## Task item
Repeat the listing word for word. Leave every picture out.
-- Dataset extract follows --
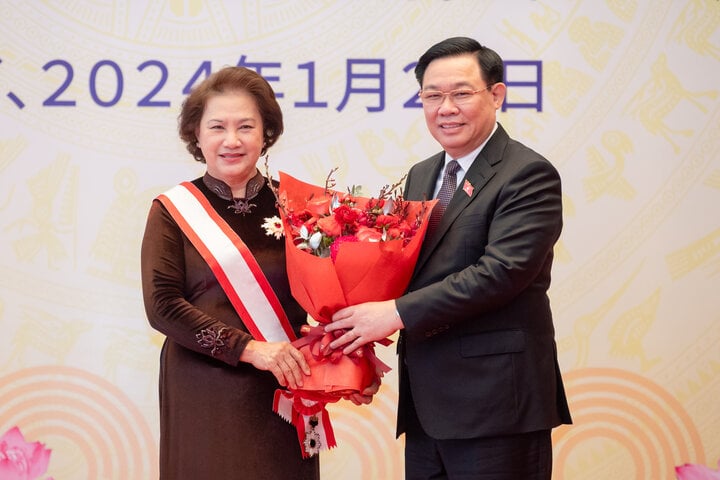 Bà Nguyễn Thị Kim Ngân được trao Huân chương Mặt trời mọc hạng nhất Đại Thập tự- Ảnh 3.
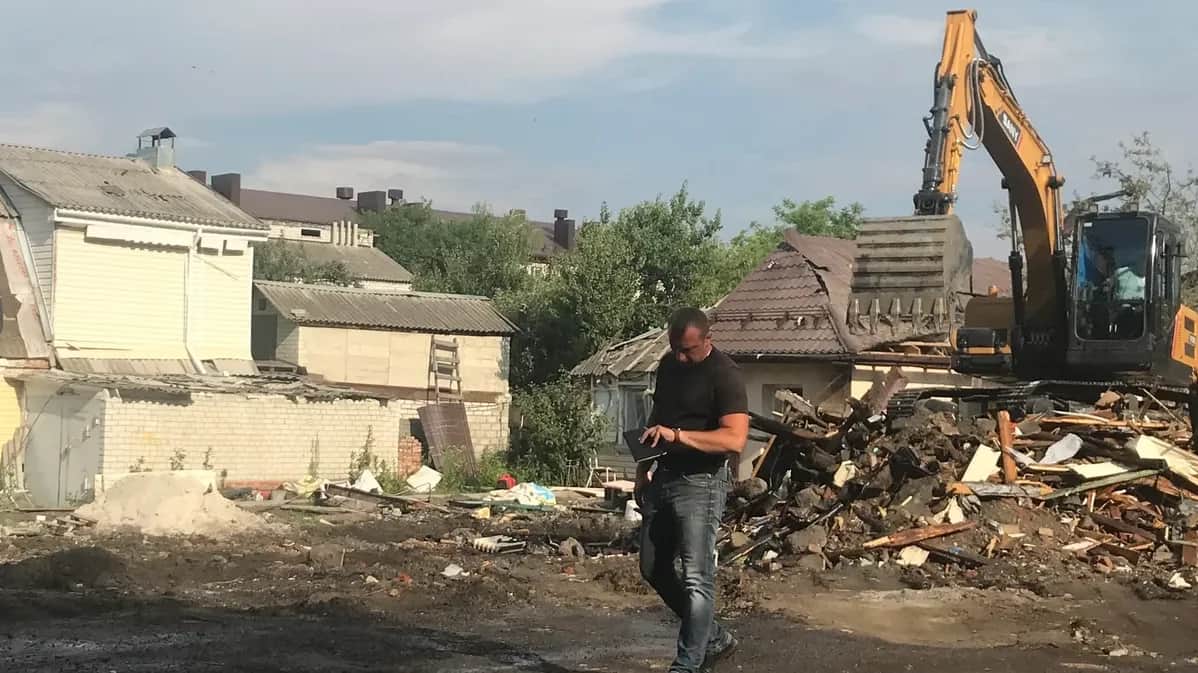Demolition of destroyed houses in Belgorod. Photo: Irina Tumakova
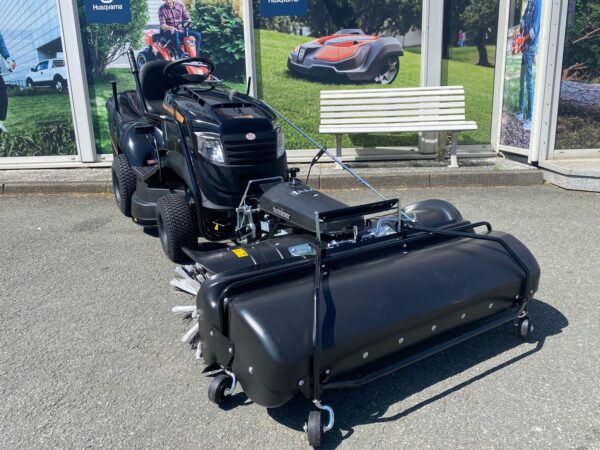 Black Edition Rasentraktor Pro 225/92 Twin H mit Kehrmaschine - Image 16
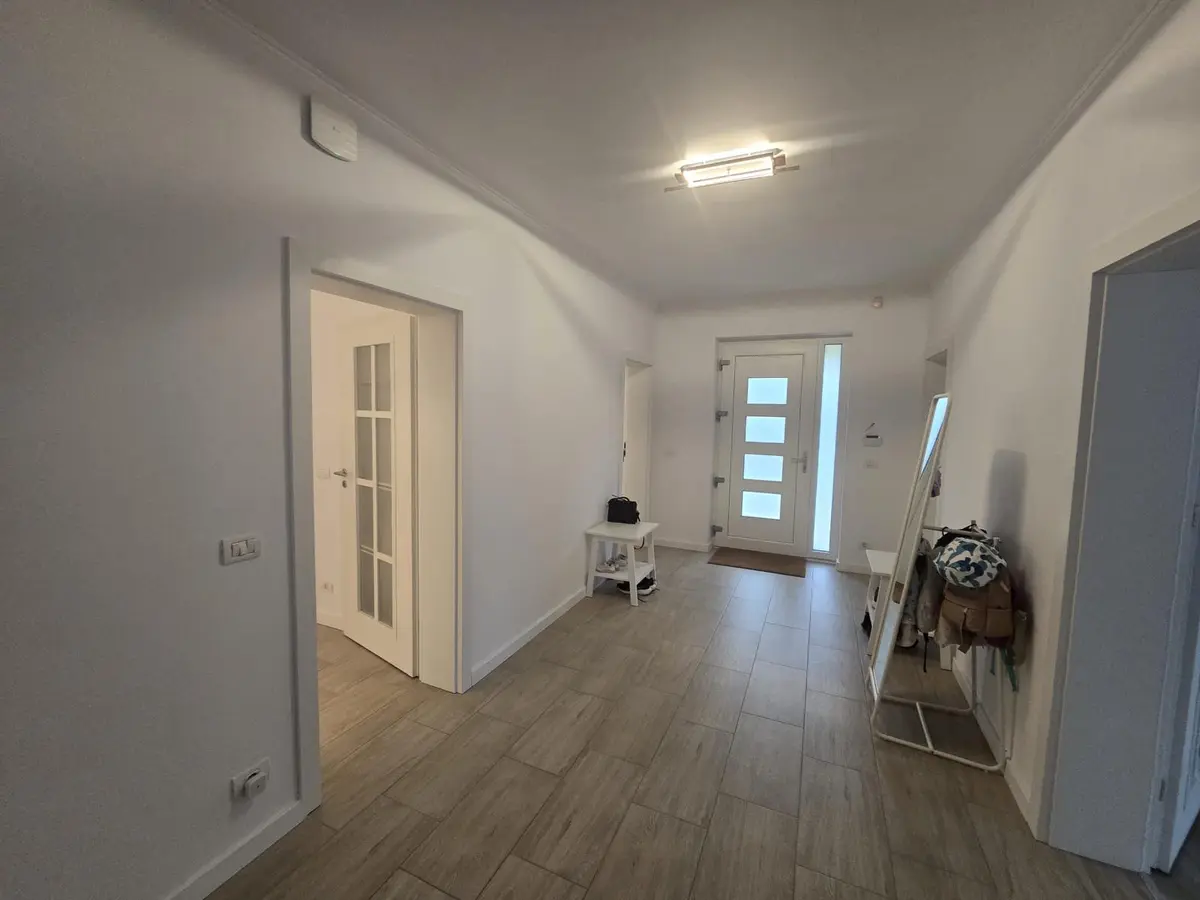 Vilă modernă de vânzare, construcție nouă, aproape de Alba Iulia, 330.000 euro, fotografia 3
-- Dataset extract concluded --
## Task answer
 Bà Nguyễn Thị Kim Ngân được trao Huân chương Mặt trời mọc hạng nhất Đại Thập tự- Ảnh 3.
Demolition of destroyed houses in Belgorod. Photo: Irina Tumakova
 Black Edition Rasentraktor Pro 225/92 Twin H mit Kehrmaschine - Image 16
 Vilă modernă de vânzare, construcție nouă, aproape de Alba Iulia, 330.000 euro, fotografia 3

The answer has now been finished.